Mr. Tiger Goes Wild is a delightful book that could springboard discussions with children about things like community, expressing one’s identity, and how individuals influence change. The text is easy to read with typically just a line or two on each page, so as not to overwhelm young or struggling readers. Instead, rich details of the story are expressed within thoughtful illustrations. For example, all of the characters’ eyes are closed and faces expressionless (except for the children’s) until Mr. Tiger takes a risk and challenges the status quo, which sparks their sense of wonder and elicits a variety of feelings. Plus, energy moves across the page almost exclusively left to right except for a few instances in which Mr. Wild becomes wilder and wilder and then finally when his community begins to change, too, a subtle shift that helps to make Mr. Tiger’s brave story come alive for readers.

Posted : Mar 30, 2016 03:20

Andrew Bauld

In agreement with all the other commenters. What a wonderful book! I loved the subtlety of the illustrations. From the very beginning there is such an interesting shift from Mr. Tiger's initial expression of seeming disgust at all the sameness and order of the world around him, to the change of sadness as he looks out his building window. I also thought there was some really interesting juxtaposition between city life and the jungle, especially through Mr. Tiger's physical size. While in the city he is dwarfed by some of the bigger creatures and the tall buildings, there is a sense of loneliness and isolation, a feeling of being lost. But in the jungle, which is equally imposing in size, Mr. Tiger appears set to be part of a much bigger world, and the scope here gives the impression of adventure and exploration. I also just love animals dressed in Victorian garb.

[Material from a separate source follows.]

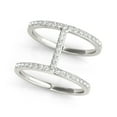 thumbnail image 1 of Aonejewelry 0.40 Carat Diamond Fashion Ring In 10K White Gold, 1 of 1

Posted : Mar 29, 2016 09:15

Tom Grasso

Like the other people who have commented in this thread, I really loved reading this book for many of the same reasons: its universal theme, the contrast in colors (the artwork in general), the author's repositioning and resizing of text, the pace of the book, and how many different ways the book could be used in a classroom setting. I also appreciated the narrative arc of the story, which reminded me of Where the Wild Things Are, i.e., a character going outside of itself and then returning home. In terms of the overall design of the book, I really liked the way that Peter Brown varied the amount of text and art on some sets of pages. Some spreads were filled almost entirely with art having a lot of details, while others had a lot more white space and simpler illustrations, such as the page that consisted of Mr. Tiger jumping off the page, saying, "What a magnificent idea!" I think my favorite pages were the two on which Mr. Tiger comes up with his "very wild idea." The staircase effect of both the illustrations and the text made me feel as though I were descending into the wilderness with Mr. Tiger.